I have recently met this problem in my abstract algebra dealing with PID rings and coprimes stating:
Let D be a PID ring $ a,b \in D $ two coprime elements. We are to show that for all $ m,n \in \mathbb{N} $ we have $ a^m,b^n $ are also coprime.
Now to be honest I really have no idea on this one as I know intuitively this holds for integers but for an arbitrary PID, this I cannot show. I certainly appreciate the help, thanks.
I'm not entirely sure what you mean by coprime.
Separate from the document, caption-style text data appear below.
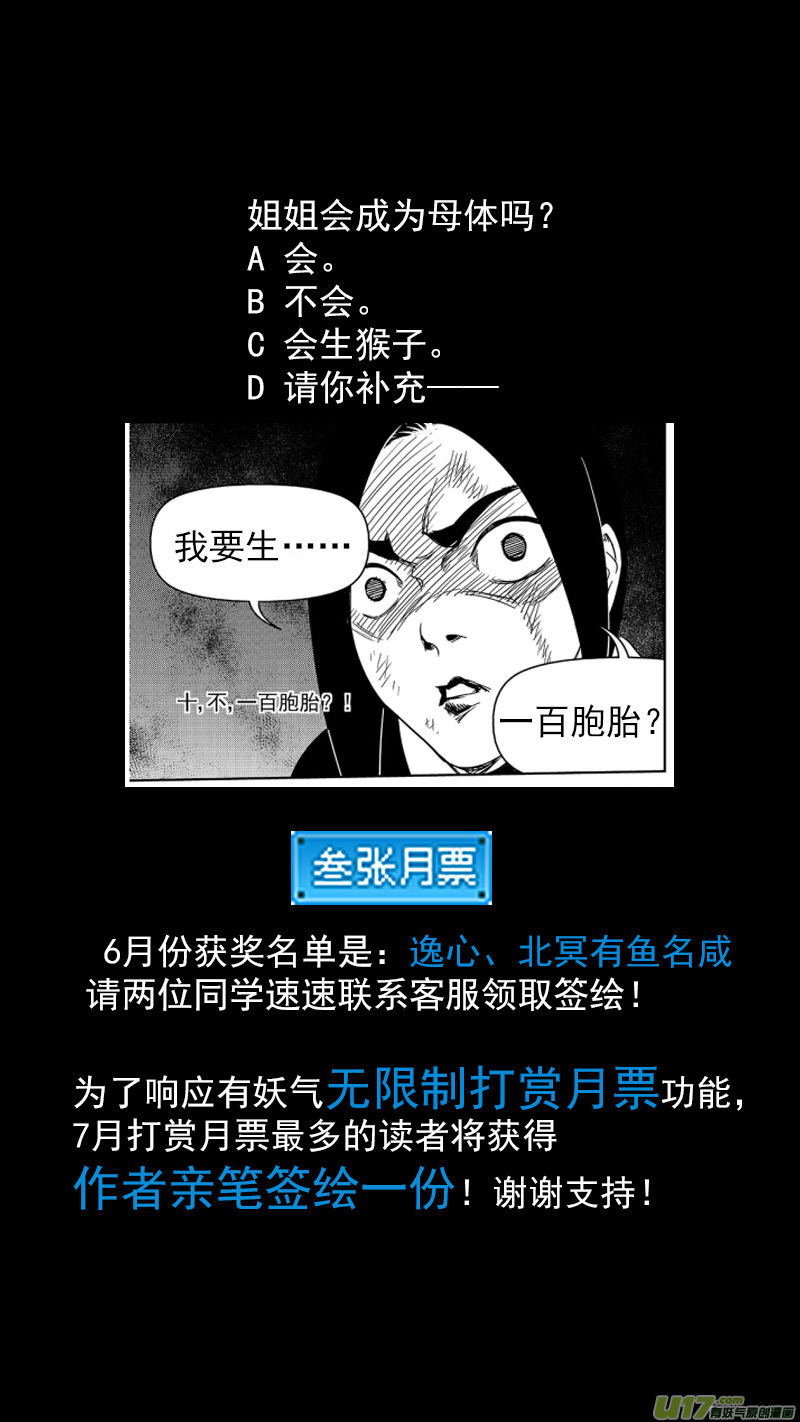 305 母体14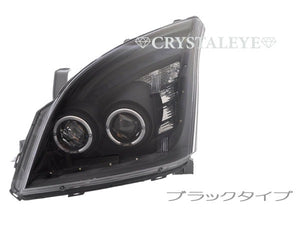 CRYSTAL EYE LED SQUID RING DOUBLE PROJECTOR LED HEADLIGHT BLACK FOR TOYOTA LAND CRUISER PRADO 120  L115-BK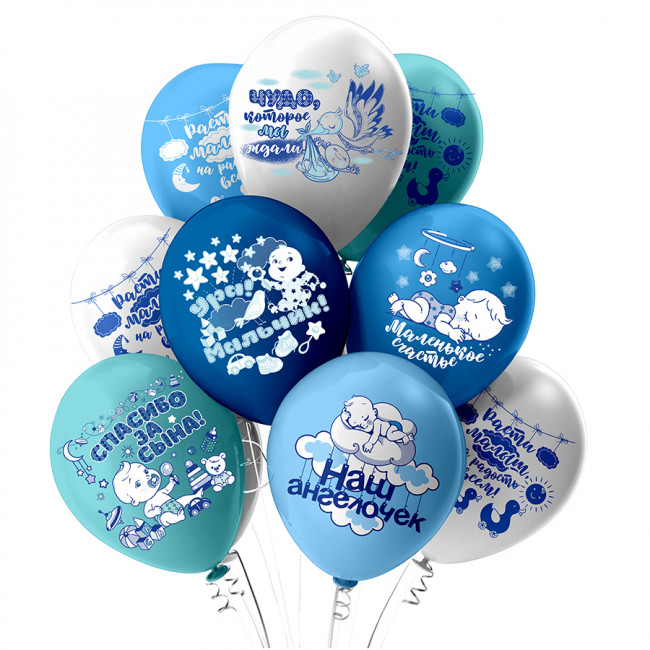 Шар12'' шелк рис. 2ст. 2цв. Новорожденные. Мальчик 5 дизайнов (25 шт./уп.) /БК Шар12'' шелк рис. 2ст. 2цв. Новорожденные. Мальчик 5 дизайнов (25 шт./уп.) /БК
If you mean that $(a,b) = (1)$. Then for any $m,n\in\mathbb{N}$, $(a,b)^{n+m}$ is the ideal generated by $a^{n+m},a^{n+m-1}b,\ldots,ab^{n+m-1},b^{n+m}$. Each of these generators is divisible by either $a^m$ or $b^n$, and thus $(a,b)^{n+m}\subset (a^m,b^n)$, but $(a,b) = (1)$, so $(a,b)^{n+m} = (1)^{n+m} = (1)$, so $(1)\subset (a^m,b^n)$, so $(a^m,b^n) = (1)$
If you mean that in the unique factorization of $a,b$, any prime that divides $a$ cannot divide $b$, and vice versa, then the same is obviously true for $a^m,b^n$ (by the factorization of $a,b$ into primes, you have an obvious factorization of $a^m,b^n$ into primes. Now use uniqueness of this factorization).